The best kind of scientific paper is one that really makes one think. A recent paper in the New England Journal of Medicine from Jo Proietto’s group in Melbourne does just that. As an individual who has lost a lot of weight on several occasions, only to put it back on over two or three years each time, I know the challenge of sustaining weight loss, and given that metabolic disease is the area of my own research, if anybody should be motivated to keep weight off it should be me! I have no problem losing weight — I just have to get obsessive about diet and exercise — but sustaining that motivation proves almost impossible.

Jo’s group has studied the hormonal changes in individuals who have undergone a successful intensive weight loss programme in which they lost 10% of body weight. But a year later, while they had still maintained most of their weight loss, their hormonal profile and hunger tests showed that they had an even greater drive to eat than they had before they went on the weight loss programme.

The nature of the hormonal changes suggested that it was changes in the hormones from the stomach and fat that were driving this strong urge to eat. In a sense this study validates what some of us know: it is bloody hard to keep weight off. But it is actually saying much more than that. It is suggesting that in adults other approaches such as surgery and medications may be much more fundamental to sustaining weight loss than many would appreciate. It is also saying that the obesity epidemic is not just about how we live our lives as adults, but that underneath are some drivers that I suspect arise much earlier in life.

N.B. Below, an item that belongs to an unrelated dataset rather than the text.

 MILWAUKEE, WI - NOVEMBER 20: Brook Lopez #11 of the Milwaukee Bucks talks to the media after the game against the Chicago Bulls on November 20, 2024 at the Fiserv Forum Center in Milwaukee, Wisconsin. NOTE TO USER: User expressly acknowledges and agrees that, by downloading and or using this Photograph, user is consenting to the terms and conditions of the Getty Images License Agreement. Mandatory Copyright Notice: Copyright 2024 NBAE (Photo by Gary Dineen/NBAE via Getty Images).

While we need to understand much more, an increasing amount of research including that from Mark Vickers and Bernie Breier from the Liggins Institute (Bernie is now a Professor at Massey University at Albany) suggests that appetite control and other aspects of metabolic control are set early in life — both before birth and in the few years after birth.

Other work from the Liggins Institute and overseas points to the probability that what parents do prior to conception, how a mother eats during pregnancy and how the infant is fed all have lasting effects on appetite control and the propensity to obesity. Slowly, the focus of attention in dealing with the obesity epidemic is shifting to a whole of life approach. Clearly the healthier we eat and the more we exercise as adults the better we will do, but Jo’s work really shows how problematic it is to deal with this problem once it has emerged. It challenges a lot of widely held conceptions and encourages a broader range of possible solutions to a major problem.

Now that is what impactful research is really about.